What a run of weather for south Louisiana!
From tornado touchdowns around Jennings late last night ... to rain totals of 10” to more than 15” just north of Lafayette ... to an array of severe weather warnings and flood advisory statements throughout the day today ... this has been one of the busier days in the WAFB Weather Center in quite some time.
|Doppler rain estimate through late Monday afternoon showing 10" to 15" of rain or more just north of Lafayette. In Carencro, over 10" of rain was recorded in a 6-hour period.|
Even as we head into the late afternoon, there are still clusters of strong thunderstorms rolling through parts of south Louisiana, and we will be closely watching Titan9 Doppler radar for the next couple of hours, at least. One bit of good news thus far is that there have been no reports of fatalities or serious injuries with this outbreak of stormy spring weather -- let’s hope that holds up through the evening!

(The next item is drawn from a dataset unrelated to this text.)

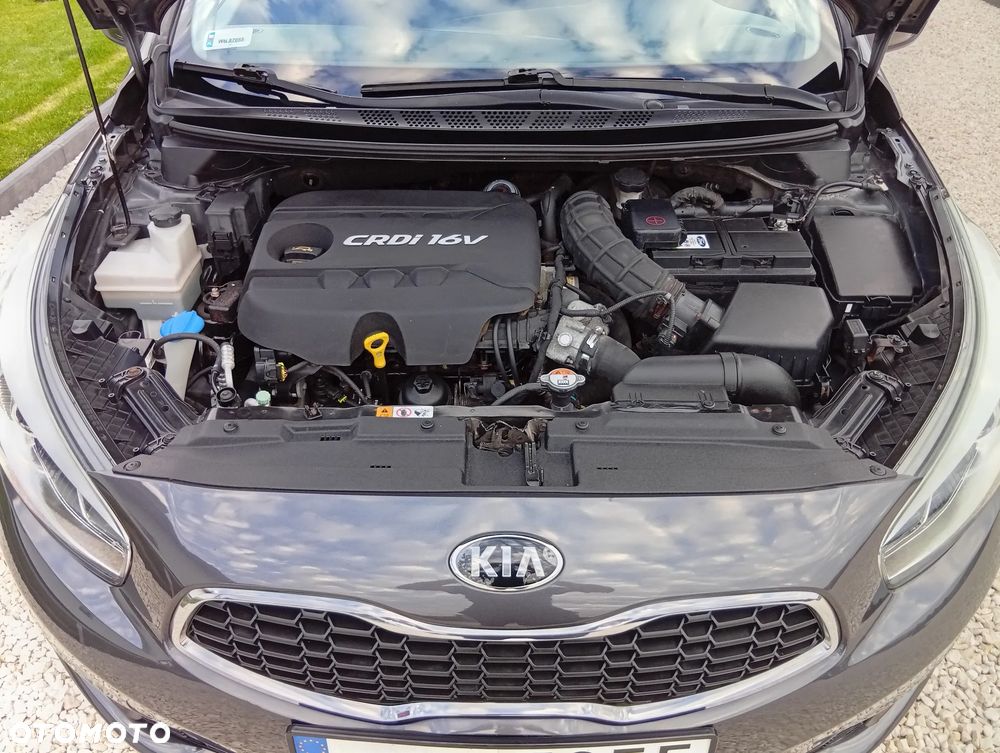Kia Ceed - 20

A combination of features led to Monday's torrential rains. The primary culprit was a nearly stationary 'outflow boundary' stretching from just south of New Orleans to just south of Baton Rouge to just north of Lafayette. You can think of this outflow boundary as something similar to a mini cool front, helping to serve as a focus for shower and t-storm development. The boundary was actually triggered by the storms we saw late Sunday night.
Working in conjunction with the stalled outflow boundary were upper-level winds that were essentially moving parallel to it in a west-to-east fashion. This allowed storms to continue to develop and move over the same areas -- something we call a 'training' effect in weather.

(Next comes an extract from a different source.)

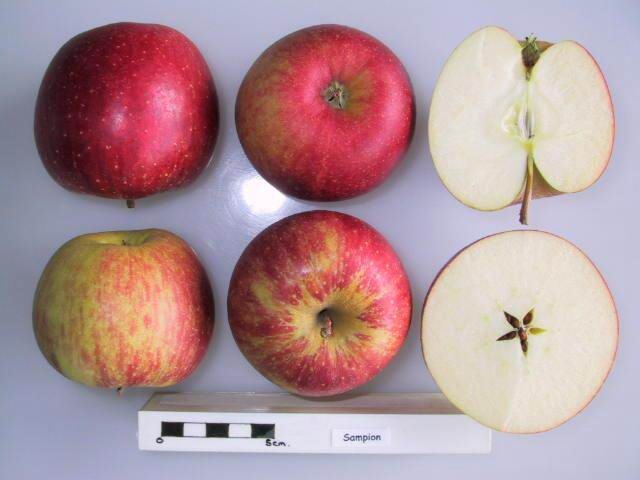 Champion apple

We do have some better weather news ahead, especially for those overwhelmed with today’s stormy weather, as all of this mess should settle down as we head into the middle to late evening hours. We’ll stay under a mostly cloudy sky through the night, and we’ll trade out the rainstorms for fog by Tuesday morning. In fact, some of that fog could be quite dense in many locations by the morning commute.
Tuesday’s sunrise temps will be in the 60°s for just about all WAFB neighborhoods, and the day will be one of in-and-out sunshine. It will be quite warm with highs climbing into the low 80°s, and we can’t rule out a spotty shower or two, but the day should be mainly dry.

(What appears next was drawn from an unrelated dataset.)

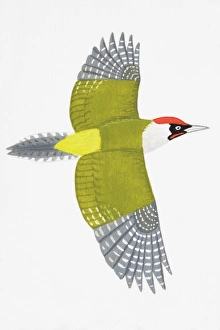 Green Woodpecker (Picus viridis), adult male Green Woodpecker (Picus viridis), adult male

We are anticipating fog for each of the next three mornings, at least, with sun-up temps running in the low to mid 60°s through the coming 7 days. In fact, the entire week shapes up to be mainly dry and rather warm: highs each day from Wednesday through the weekend will be around 80°.
At this time, we don’t expect any significant frontal activity along the central Gulf Coast through the work week, or even the weekend for that matter. A “return flow” set-up (SE and southerly winds) of Gulf moisture will be the rule, helping to maintain warmer-than-normal weather by mid-March standards, yet also keeping the air just moist enough to support an infrequent, spotty afternoon shower just about every day.
As we approach week’s end, we may see the winds start picking up as a pressure gradient develops with high pressure over the Atlantic Seaboard and a deepening low pressure system moving through the western states.